L’organisation de la filière avait fait l’objet d’initiatives à haut niveau en la matière. Les relations ont été dans un premier temps encadrées par une charte des bonnes pratiques entre donneurs d’ordre et sous-traitants du luxe, établie par le ministère de l’Industrie en 2010. Dans un second temps, l’étude10 menée par le cabinet Mazars (Seraidarian, 2014) et commandée par le ministère du Redressement productif a souligné l’importance du tissu productif en avertissant qu’une perte des savoir-faire serait un frein au développement de l’industrie du luxe en France : « L’appauvrissement du tissu industriel représente un enjeu global pour la filière [de la chaussure] française puisqu’il limite les capacités de production pour le luxe (grandes marques et jeunes créateurs), alors que le potentiel de développement à l’international est important. » La constitution d’un contrat issu du comité stratégique de filière Mode et Luxe en 2019 a également participé à défendre les savoir-faire nationaux. Par exemple, la CSF a lancé dès 2019 une campagne de promotion des métiers techniques pour l’ensemble des filières Mode et Luxe, « Savoir pour faire », financée par Opco 2i.

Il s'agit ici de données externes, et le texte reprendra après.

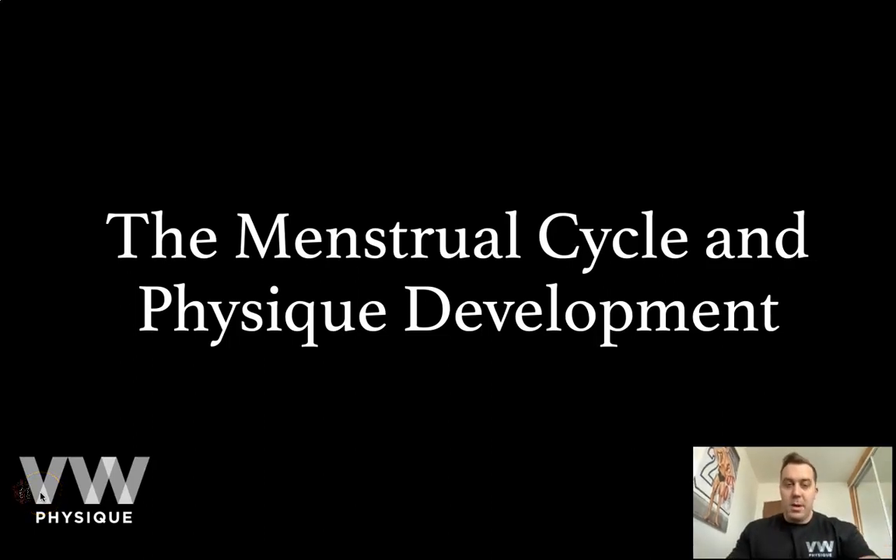Hey guys, welcome to the menstrual cycle and physique development PowerPoint. What we wanted to do here at VL Physique was provide you — our clients, and even if you're not our clients watching this — a resource by which you can understand what happens in the menstrual cycle itself, the different phases across the month, and how that might affect things such as body weight, your mood, your strength, your recovery, etc.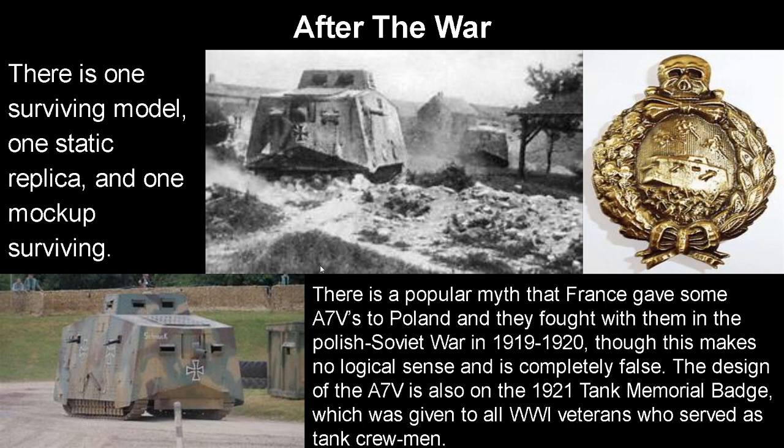The history of the A7V after the war is pretty bleak. There is only one surviving model of the tank — called Mephisto, now in Australia — which I'll actually make a whole video on because the story of the tank is interesting. There's one static replica in a museum that doesn't actually move, and one mockup that does actually move and has an engine on it. There was a popular myth that France gave some A7Vs to Poland and they fought with them in the Polish-Soviet War of 1919 to 1920, but this makes no logical sense and is completely false — all 20 tanks have their history recorded and there is no photographic evidence to prove it. The design of the A7V is also present on the 1921 tank memorial badge given to all World War 1 German veterans who served as tank crewmen, because they did capture a lot of Allied tanks and used those as well.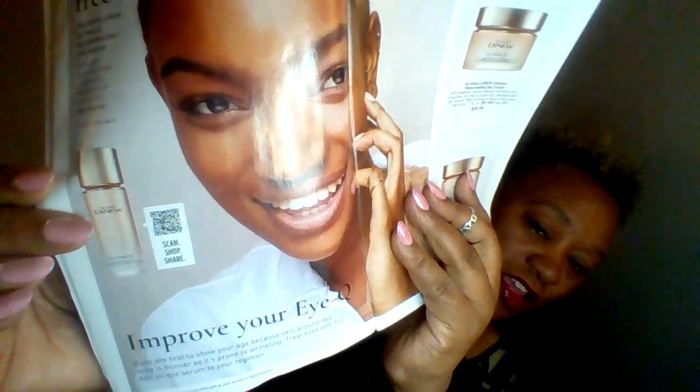The LX Nu Ultimate runs for $39.99 in the brochure. They also have these new scan-shop-share codes on the page, which are really cool. And the Anu Vitamin C Brightening Serum is normally $44, and right now in Campaign 7 it's only $24.99. Wow — you can't beat some of these prices. That's why you have to buy during the campaign.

Les maisons ne se contentent pas d’intégrer l’activité des sous-traitants les plus fragiles, elles inventent aussi des schémas de soutien économique, selon Darène (2012) et Depeyre et al. (2017), pour éviter la perte des savoir-faire et instaurer un climat de confiance en maintenant un minimum d’activité.
Or la reconnaissance de la valeur du savoir-faire français s’est effectivement renforcée, savoir-faire dans lequel le secteur du luxe puise son prestige, ainsi qu’en attestent Bouton et al. (2017) : « Si le luxe excelle aujourd’hui en France, c’est que le terreau y est fertile : un véritable écosystème constitué d’artisans, de métiers d’art, de façonniers alimente le secteur et soutient les plus grandes marques. » Comme le soulignent Rigaud-Lacresse et Pini (2019), « si l’exception était autrefois liée à la rareté, c’est aujourd’hui le geste qui s’avère essentiel ». On a relevé plus haut que la fabrication en France était non seulement un argument de vente, mais aussi une composante de l’identité de la marque (Koromyslov, 2009). On découvre ici que le geste artisanal est au cœur de la perception du luxe français. Pour le directeur associé de Citwell, Mathieu Naudin, « le luxe repose sur l’excellence des savoir-faire incarnés par des artisans d’exception. Pour soutenir leur croissance, les grandes maisons s’appuient également sur leurs sous-traitants, tissant des relations pérennes fondées sur des collaborations régulières et mutuellement enrichissantes. Il faut souligner l’importance de l’accompagnement stratégique et opérationnel offert par ces marques prestigieuses à leurs partenaires, favorisant ainsi une progression harmonieuse et concertée ». Ces partenariats historiques renforcent la confiance et la reconnaissance mutuelle, élément clé pour assurer la stabilité de l’écosystème (Darène, 2012 ; 2014).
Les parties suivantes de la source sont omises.